• WHAT YOU SHOULD DO
From the records below, output exactly the lines starting at the line with "Black Banana Bandeau" and ending at the line with "Spartan jumpmaster conducts safety check", both of them included, but no pictures.

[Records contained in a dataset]
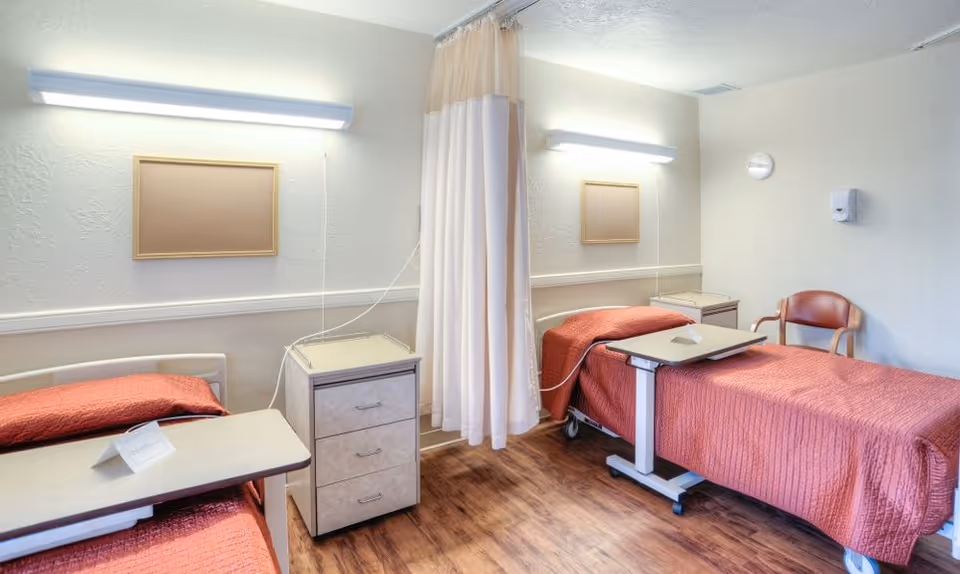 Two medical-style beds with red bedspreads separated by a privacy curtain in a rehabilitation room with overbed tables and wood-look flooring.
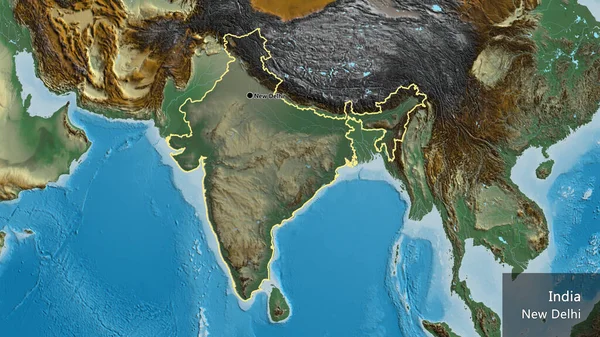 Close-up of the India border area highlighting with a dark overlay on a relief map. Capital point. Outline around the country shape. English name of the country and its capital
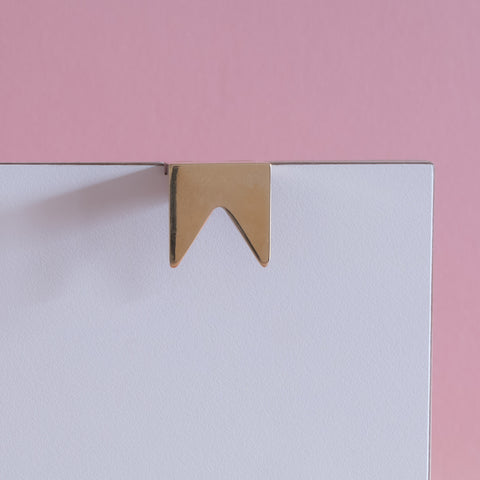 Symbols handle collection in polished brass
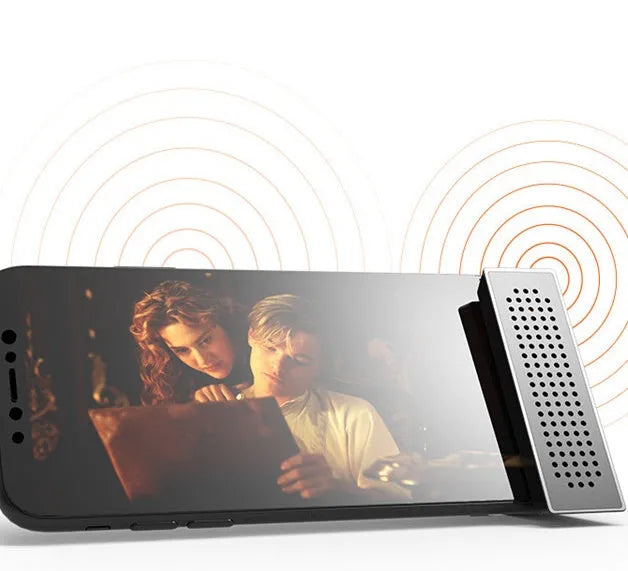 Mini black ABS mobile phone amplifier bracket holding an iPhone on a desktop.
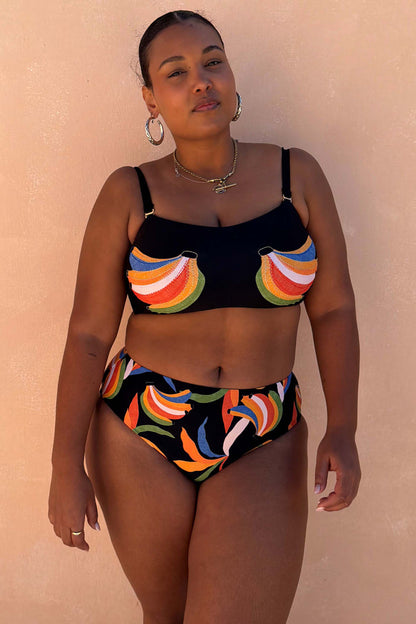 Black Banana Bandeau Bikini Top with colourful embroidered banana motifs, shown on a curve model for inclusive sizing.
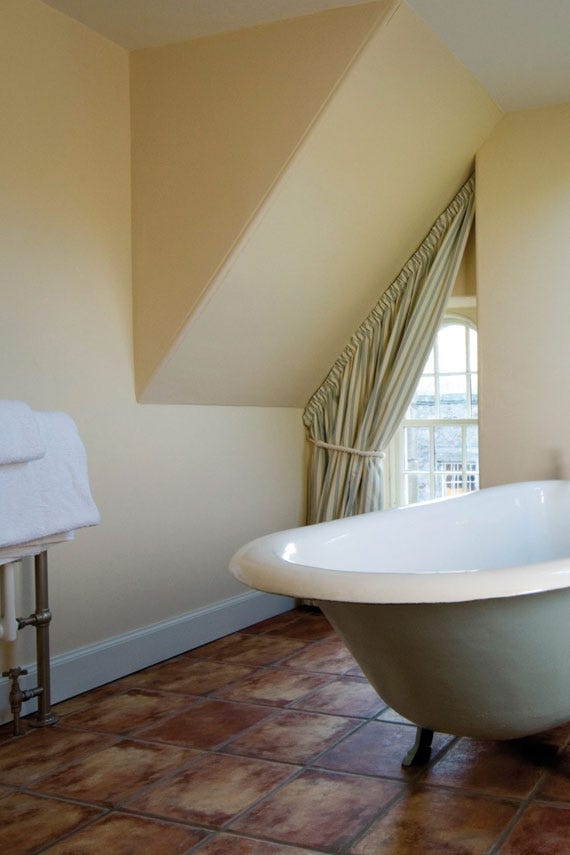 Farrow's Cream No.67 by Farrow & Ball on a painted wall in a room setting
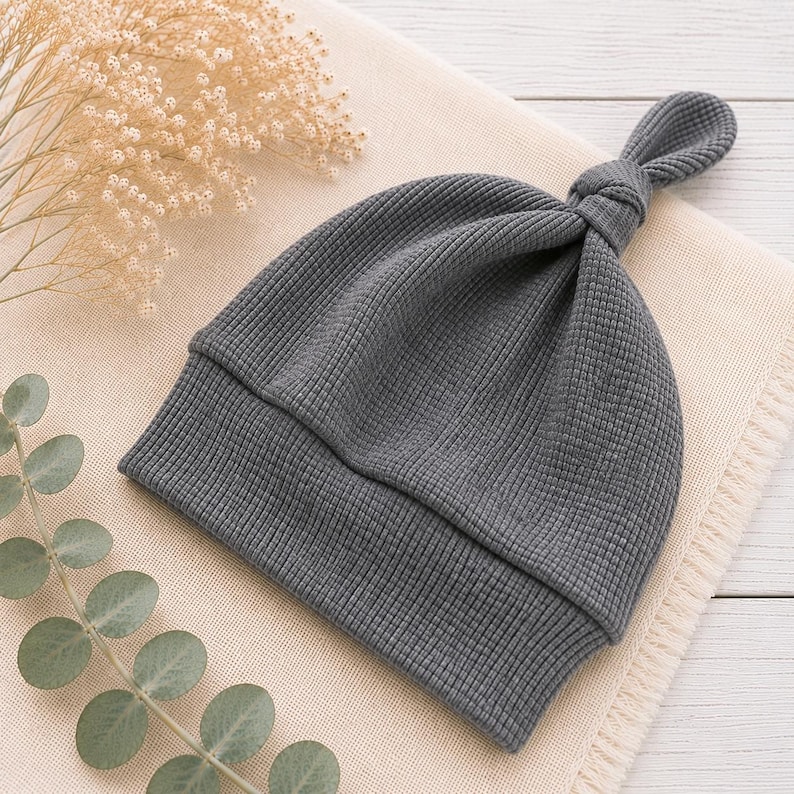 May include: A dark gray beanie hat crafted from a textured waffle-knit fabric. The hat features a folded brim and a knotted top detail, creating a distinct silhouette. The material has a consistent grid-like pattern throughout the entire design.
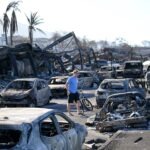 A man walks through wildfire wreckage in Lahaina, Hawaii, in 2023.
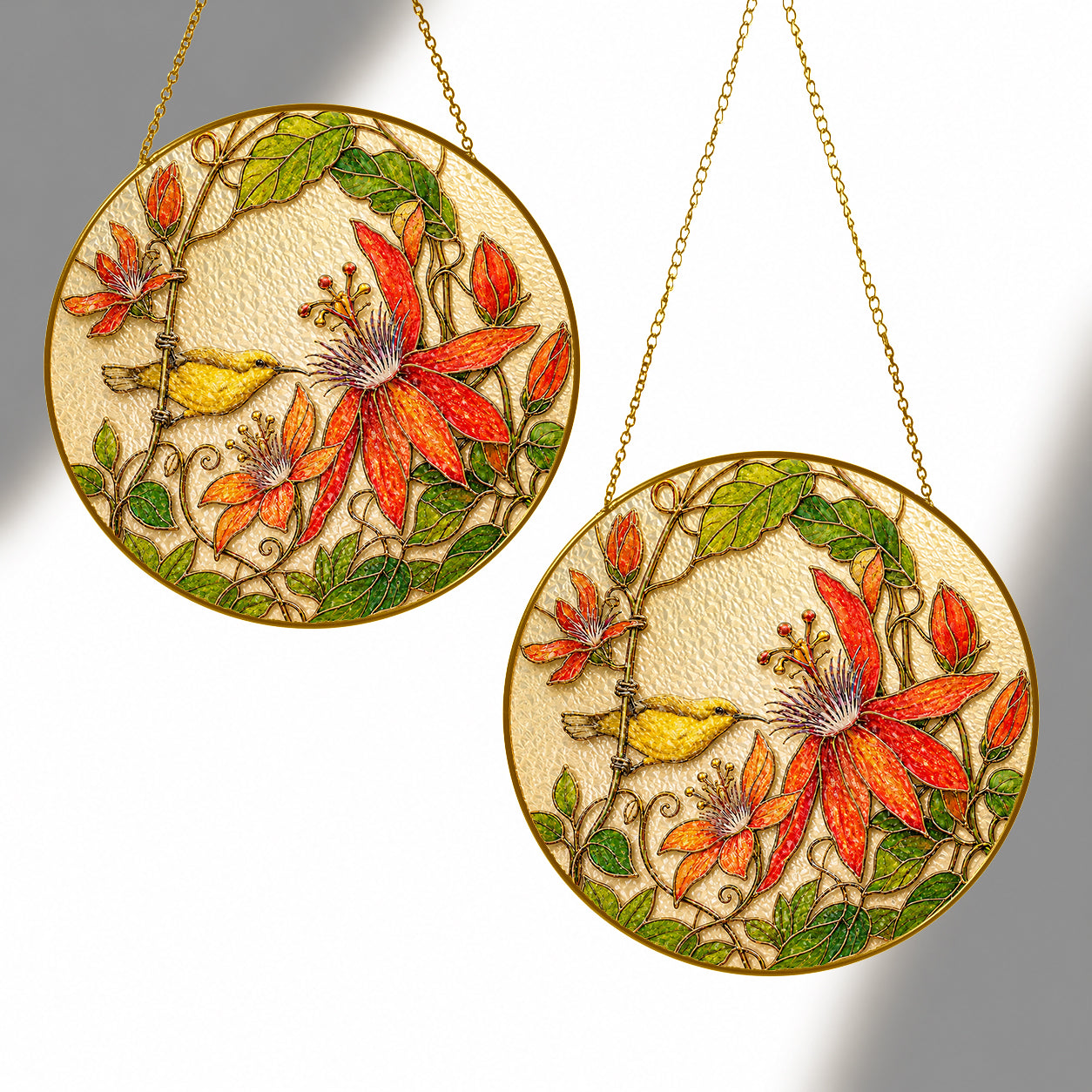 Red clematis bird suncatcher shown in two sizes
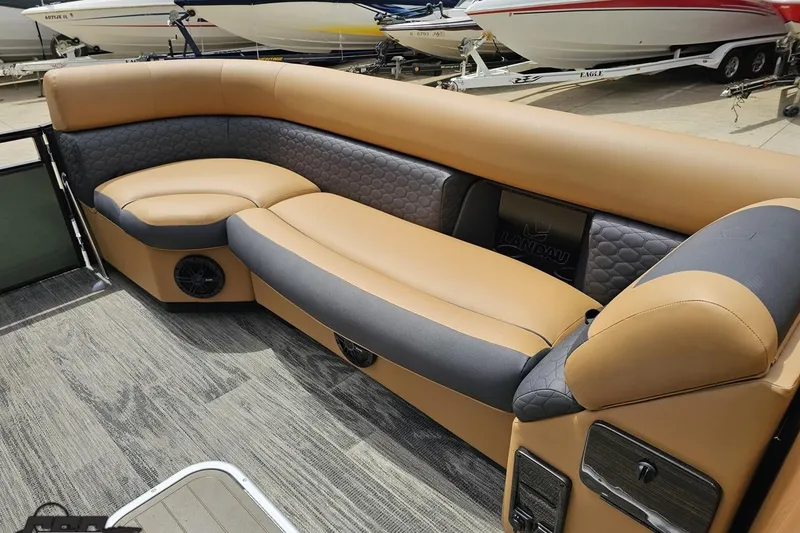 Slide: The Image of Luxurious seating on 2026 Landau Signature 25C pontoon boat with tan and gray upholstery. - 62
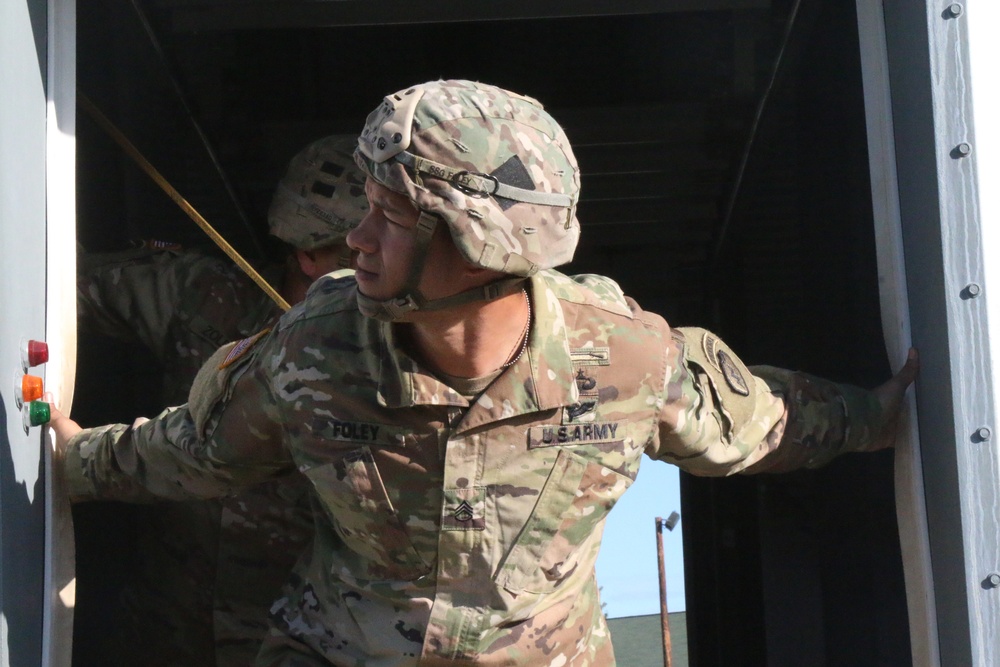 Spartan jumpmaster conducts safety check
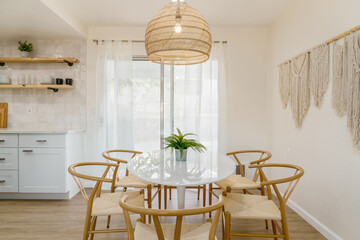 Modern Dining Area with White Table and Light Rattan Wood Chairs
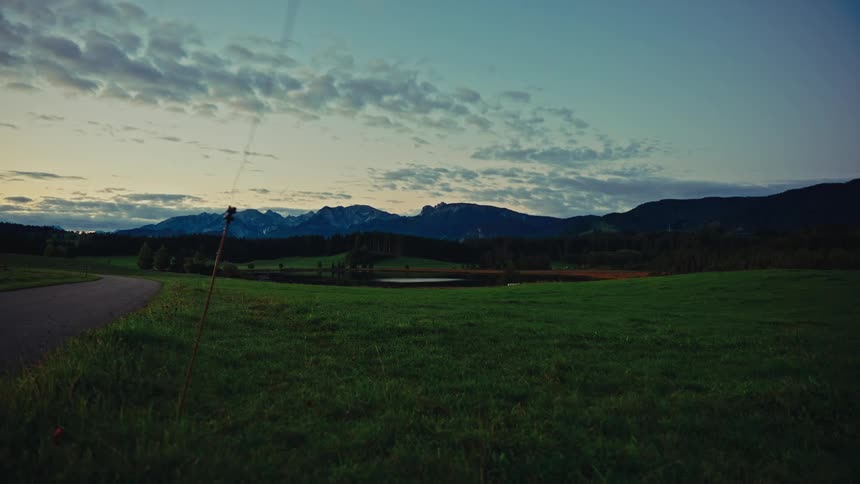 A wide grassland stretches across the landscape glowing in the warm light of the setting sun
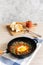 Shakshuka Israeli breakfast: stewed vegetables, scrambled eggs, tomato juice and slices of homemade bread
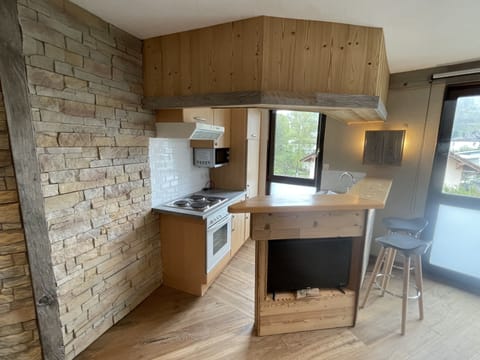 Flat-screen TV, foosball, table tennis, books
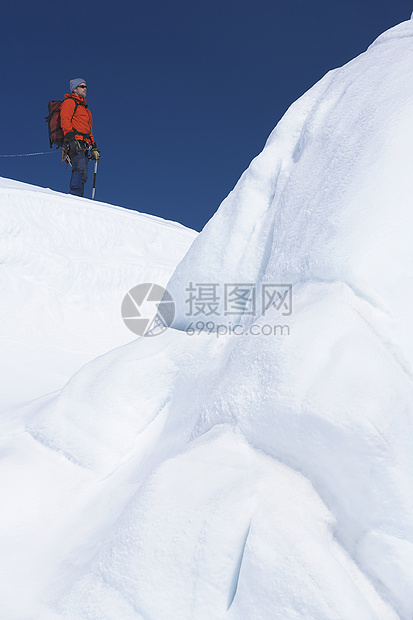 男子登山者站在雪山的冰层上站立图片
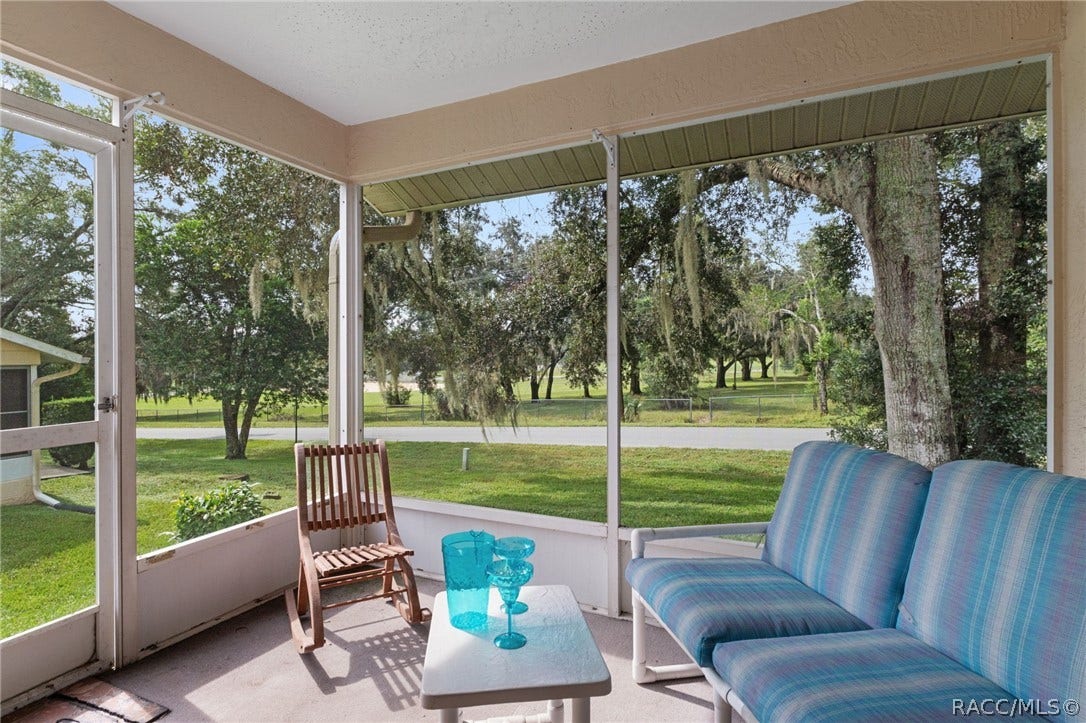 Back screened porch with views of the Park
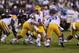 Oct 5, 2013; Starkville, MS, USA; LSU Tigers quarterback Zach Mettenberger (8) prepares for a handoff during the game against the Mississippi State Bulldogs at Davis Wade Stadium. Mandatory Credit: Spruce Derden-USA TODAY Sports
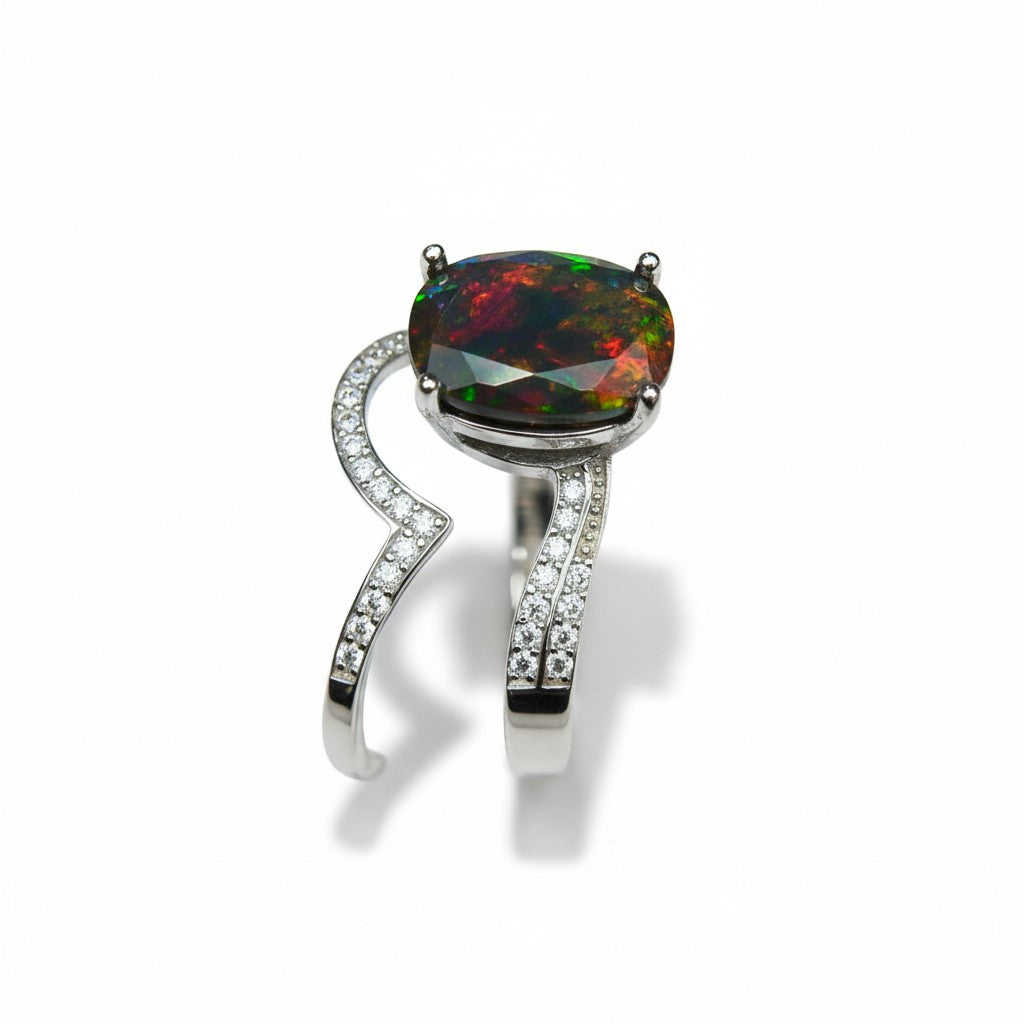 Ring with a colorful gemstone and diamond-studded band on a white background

• EXPECTED ANSWER
 Black Banana Bandeau Bikini Top with colourful embroidered banana motifs, shown on a curve model for inclusive sizing.
 Farrow's Cream No.67 by Farrow & Ball on a painted wall in a room setting
 May include: A dark gray beanie hat crafted from a textured waffle-knit fabric. The hat features a folded brim and a knotted top detail, creating a distinct silhouette. The material has a consistent grid-like pattern throughout the entire design.
 A man walks through wildfire wreckage in Lahaina, Hawaii, in 2023.
 Red clematis bird suncatcher shown in two sizes
 Slide: The Image of Luxurious seating on 2026 Landau Signature 25C pontoon boat with tan and gray upholstery. - 62
 Spartan jumpmaster conducts safety check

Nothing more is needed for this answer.